TO DO — For the data that follows, print the line with "Waschbär - Männer", the line with "Creamy white unicorn", and all lines between them, exactly as they stand. Omit pictures and add nothing.

RECORDS SUPPLIED —
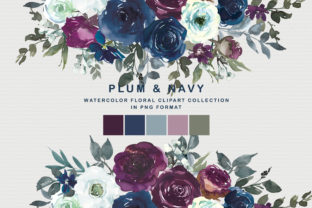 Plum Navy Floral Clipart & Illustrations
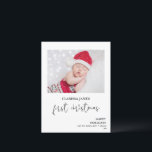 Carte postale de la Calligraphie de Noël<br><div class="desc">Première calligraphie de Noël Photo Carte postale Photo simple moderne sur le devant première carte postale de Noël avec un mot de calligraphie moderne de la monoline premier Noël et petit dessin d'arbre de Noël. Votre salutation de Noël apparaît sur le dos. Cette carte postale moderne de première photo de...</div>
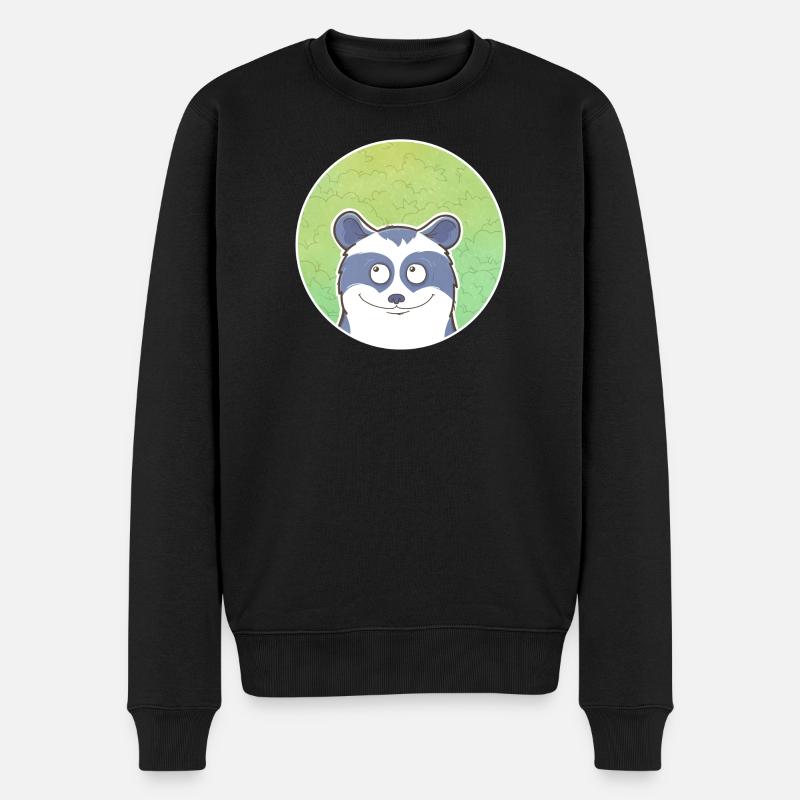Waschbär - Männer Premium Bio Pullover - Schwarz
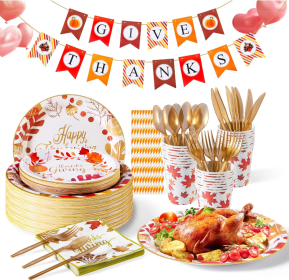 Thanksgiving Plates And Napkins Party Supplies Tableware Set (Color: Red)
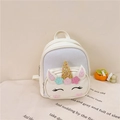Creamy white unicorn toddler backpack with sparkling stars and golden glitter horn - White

==

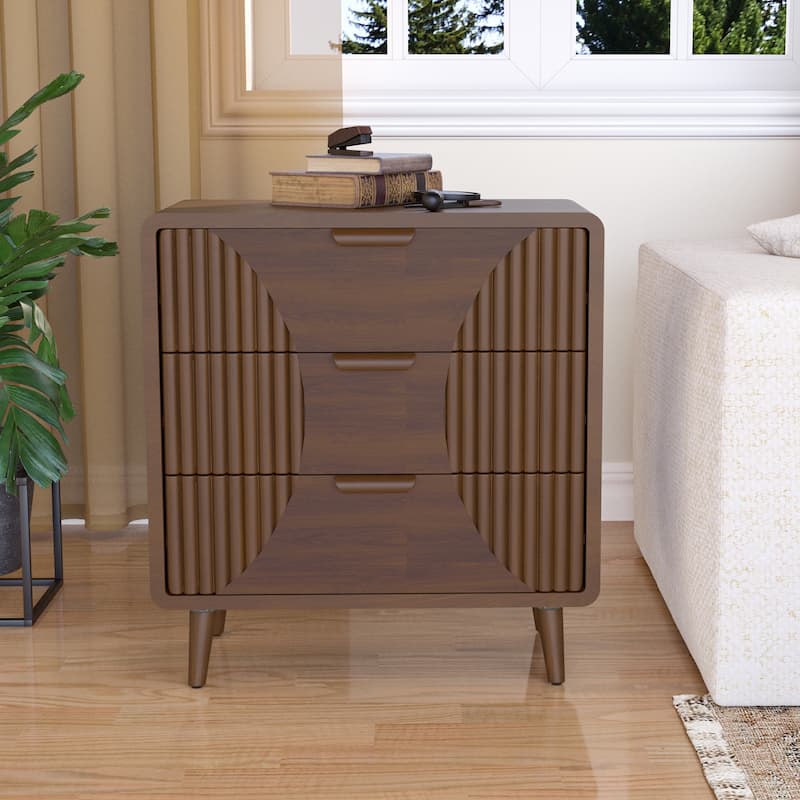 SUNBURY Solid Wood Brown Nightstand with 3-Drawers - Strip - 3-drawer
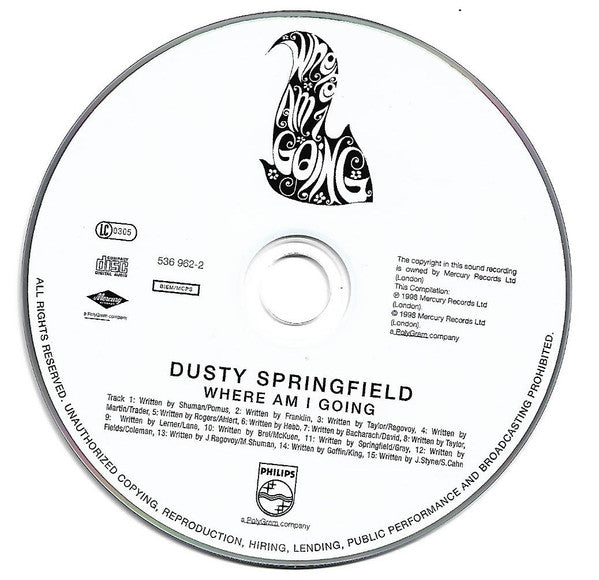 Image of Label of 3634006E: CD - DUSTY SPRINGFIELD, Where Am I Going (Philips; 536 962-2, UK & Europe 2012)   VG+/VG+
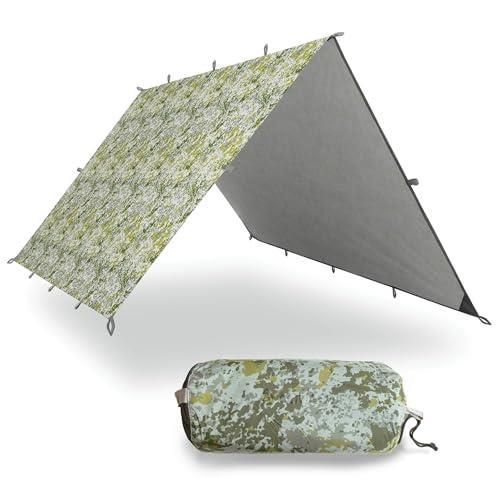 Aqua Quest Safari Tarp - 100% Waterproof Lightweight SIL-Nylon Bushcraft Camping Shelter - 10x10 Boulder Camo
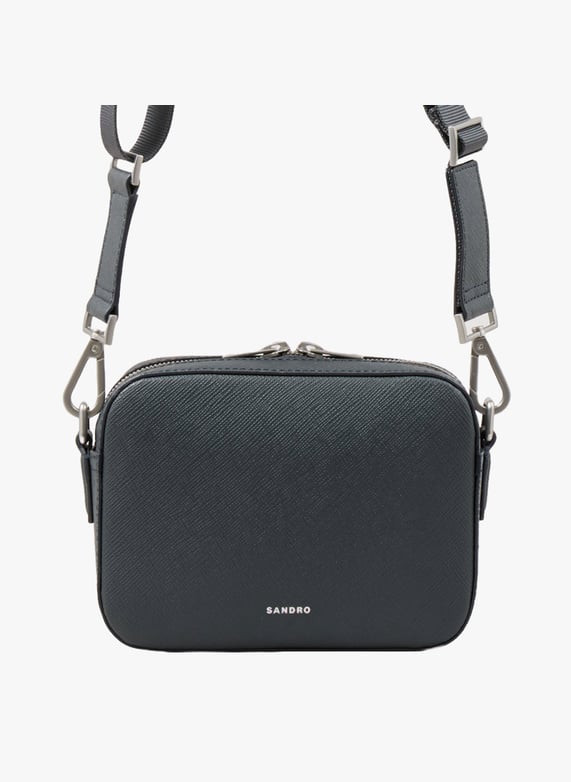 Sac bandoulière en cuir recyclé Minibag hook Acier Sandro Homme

==

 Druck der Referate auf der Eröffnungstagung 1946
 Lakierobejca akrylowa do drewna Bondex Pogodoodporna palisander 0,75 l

ANSWER TO THE EXERCISE —
Waschbär - Männer Premium Bio Pullover - Schwarz
 Thanksgiving Plates And Napkins Party Supplies Tableware Set (Color: Red)
Creamy white unicorn toddler backpack with sparkling stars and golden glitter horn - White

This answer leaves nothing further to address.